Emerging markets are taking heart from the re-opening of virus-battered economies around the world while the rate of infections in some countries shows little sign of easing.
By Netty Ismail, Lilian Karunungan and Robert Brand
Emerging markets are taking heart from the re-opening of virus-battered economies around the world while the rate of infections in some countries shows little sign of easing. Developing-nation stocks and bonds rose for a second month in May and currencies were steady as investors drew comfort from government and central-bank stimulus efforts and optimism a coronavirus vaccine will eventually be developed. JPMorgan Chase & Co.’s measure of implied volatility for currencies has declined for the past five weeks, the longest streak this year.
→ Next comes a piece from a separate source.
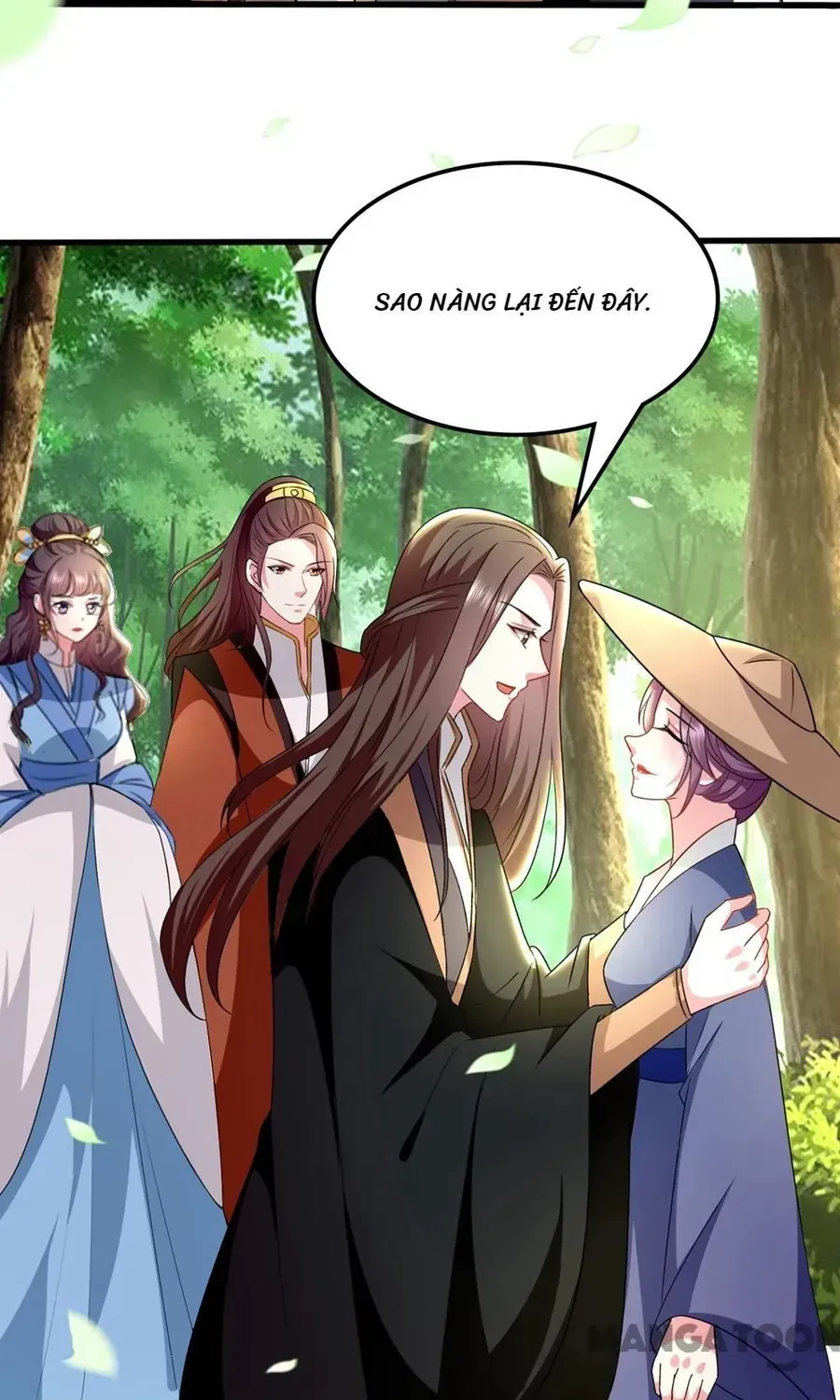 Phúc Hắc Vương Gia Đừng Làm Loạn Chap 130 - Next Chap 131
Purchasing managers’ indexes across emerging markets this week may offer clues to whether economies are turning the corner after easing lockdown restrictions. But the spread of the virus is barely letting up. Brazil now has more cases than any country except the U.S., Russia isn’t far behind, and Mexico had its largest single increase in both cases and deaths last week.
“A more convincing emerging market-specific recovery will likely require clearer signs of being past the worst moments in countries continuing to see rising cases,” said Morgan Harting, a New York-based money manager at AllianceBernstein, which oversees $542 billion in assets. “We’ve started to see some of the more beaten down parts of the capital markets play catch-up and there’s a great deal of focus on how sustained this trend will be and how broadly it’s felt across emerging markets.”
Tension between Washington and Beijing may also weigh on sentiment as the clock ticks down to the November U.S. election, though President Donald Trump stopped short of imposing economic sanctions on China in his speech on Friday. The focus will also be on whether the People’s Bank of China will let the yuan depreciate past the psychologically important 7.20-per-dollar level even after pledging to keep the currency stable during the National People’s Congress, which ended last week.